No que tange ao Direito Penal, o arbitrium se prestava para adequar a pena, por exemplo, ao fato criminoso, nos casos de não haver uma punição prevista em um estatuto, ou na hipótese do castigo previsto não ser adequado para o caso (MECCARELLI, 1998, p. 198 et seq.). Poderia o juiz se utilizar de uma pena não disposta anteriormente em fontes formais da ordem jurídica. Identifica-se a função do arbitrium de fazer a integração de lacunas penais, quando não há pena cominada, ou a finalidade de trazer maior justiça para o caso concreto, modificando o castigo previsto, seja para mais ou para menos, propondo-se como um aperfeiçoamento do Direito.

O mesmo raciocínio poderia ser aplicado à criação de novos fatos típicos. No contexto do direito comum, a lei era entendida como um estatuto de normas jurídicas não necessariamente completa, acabada ou definitiva, que somente se aplicava em sua inteireza dentro do contexto em que foi criada. Não sendo assim, caberia aos juristas atualizar tal lei, podendo, inclusive, criar novos crimes através do arbitrium. Segundo Massimo Meccarelli (1998, p. 238-239), a lei não era a única fonte de disposição de fatos delituosos, e o princípio da legalidade não era entendido como se faz atualmente.

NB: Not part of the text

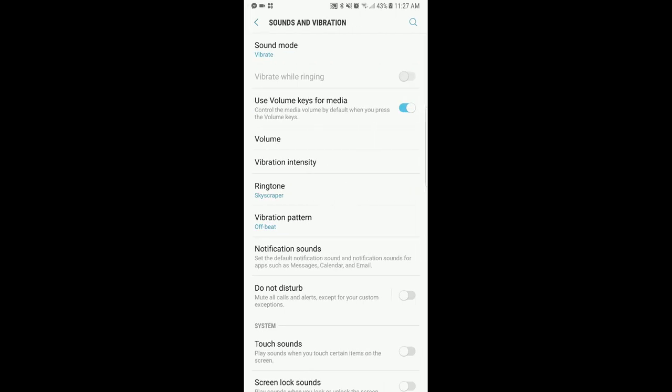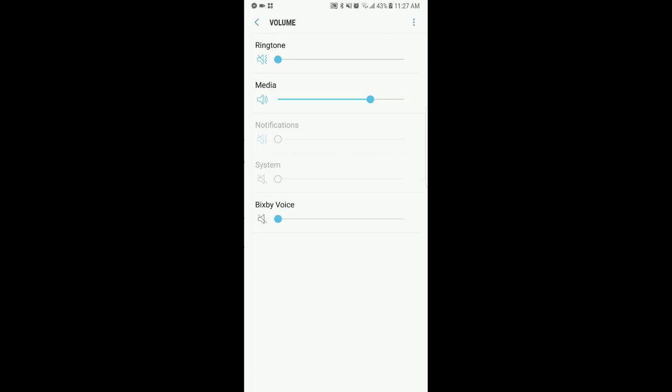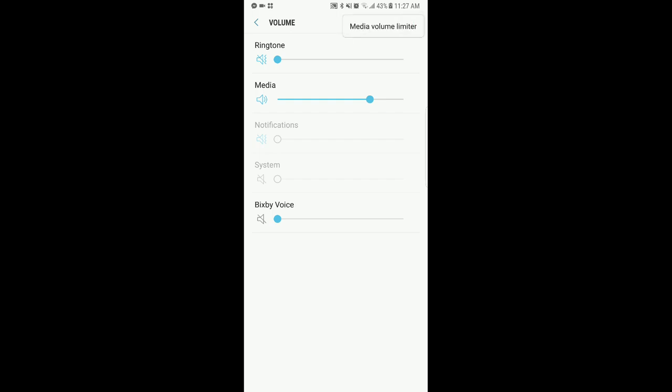From there you go to volume. And it's still hidden here, so at volume you hit the little three dots up in the right corner.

António Manuel Hespanha (2013, p. 226), em um texto sobre a persistência do arbítrio do Direito contemporâneo português, afirma que durante a primeira metade do século XIX, não havia código criminal em Portugal, sendo os crimes ainda regulados, na perspectiva estatutária, pelas Ordenações Filipinas, que estavam desacreditadas, justamente por serem produto de outra realidade. Assim, utilizava-se da doutrina para definir crimes e penas e outros assuntos que os envolvam, como era o caso dos ensinamentos de Pascoal José de Melo Freire dos Reis. Além disso, havia grande margem para a dominação do Direito pela doutrina, já que as próprias Constituições portuguesas permitiam a inovação da lei pelos juristas. Até os dias de hoje, é possível enxergar grande margem de manobra dos juristas para interpretar a lei, mas agora baseados em outros fundamentos, que não o arbitrium do direito comum.

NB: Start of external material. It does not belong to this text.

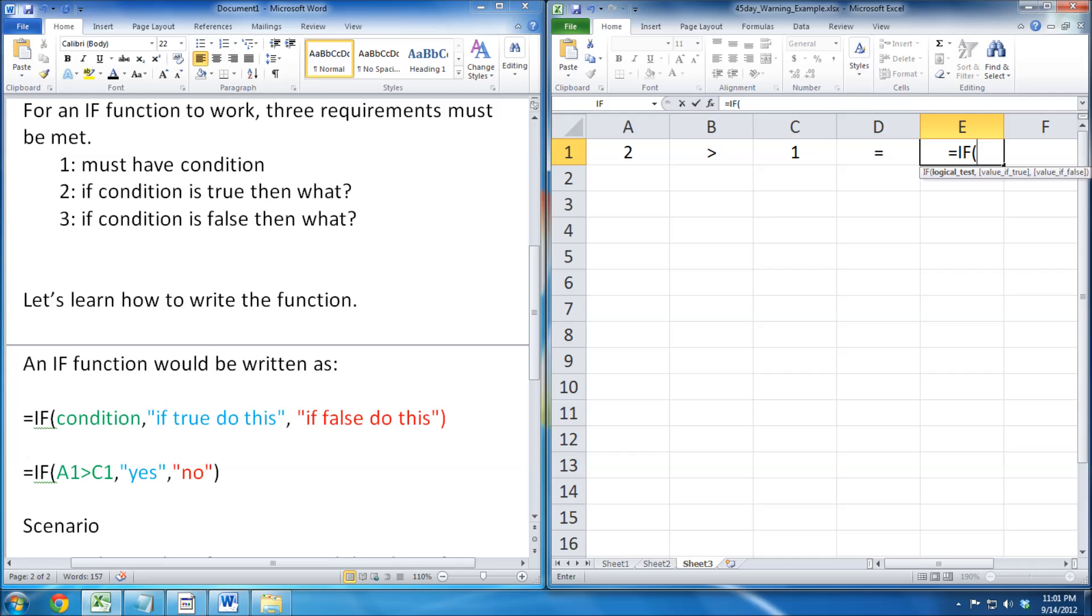Open parentheses, now we can write the condition. In this case, it's A1, the greater than sign, then C1.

O princípio da legalidade só tomou maiores proporções e contornos modernos a partir de Paul Johann Anselm Ritter von Feuerbach, que viveu entre 1775 e 1833 (QUEIROZ, 2008, p. 196-197). Para este filósofo do Direito Penal, a legalidade deveria ser entendida como forte, ou seja, relacionando-se não só com a exigência de uma lei formal anterior que preveja a pena,

mas também que disponha precisamente ou taxativamente a descrição do crime. Ampliava-se os ensinamentos de Beccaria. Além de limitar o poder punitivo do soberano, o propósito de tal construção teórica era principalmente tornar mais eficaz a coação psicológica sobre os cidadãos, forçando-os a não praticar condutas ilícitas ao deixar mais claro quais são proibidas pelo Direito Penal. Chama-se tal característica atualmente de função preventiva geral negativa da pena, isto é, intimidar as pessoas em geral para que não atuem de determinada forma não aceita pelo Direito. Caso contrário, serão submetidas à punição prevista. Desta forma, seria necessária que a pena também fosse certa, para reforçar tal coação (QUEIROZ, 2008, p. 190 et seq.).

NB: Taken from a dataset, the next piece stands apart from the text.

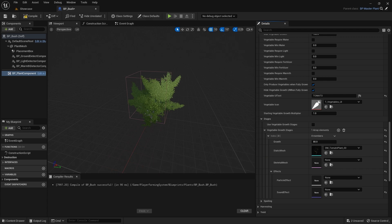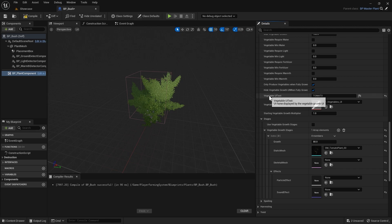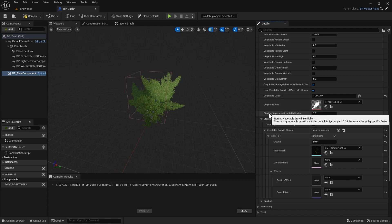Now we've covered some of the main settings for creating a new plant. I definitely recommend checking out the documentation as there are a lot more settings you can adjust to change the behavior of your plants, with guides for each category. You can also mouse over any setting to get a tooltip explaining what it does.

Diante deste quadro da prática do Direito Penal em boa parte do Antigo Regime, em que a legalidade não era compreendida como passou a ser nos fins desta época e na contemporaneidade, era possível a busca de outras fontes que não a lei para apontar a existência de um crime. E, havendo lacuna nas Ordenações Filipinas, buscava-se o direito subsidiário, ou seja, o direito romano, canônico, e a opinio communis doctorum. No que tange à literatura do direito comum, a análise minuciosa desses autores e sobre o que eles falam do silêncio infiel deverá ficar para um próximo trabalho, muito em razão da falta de tempo hábil para se fazer tal tarefa durante a pesquisa de mestrado, já que se tratam de livros e coleções extensas escritas em latim, o que exigiria anos de pesquisa.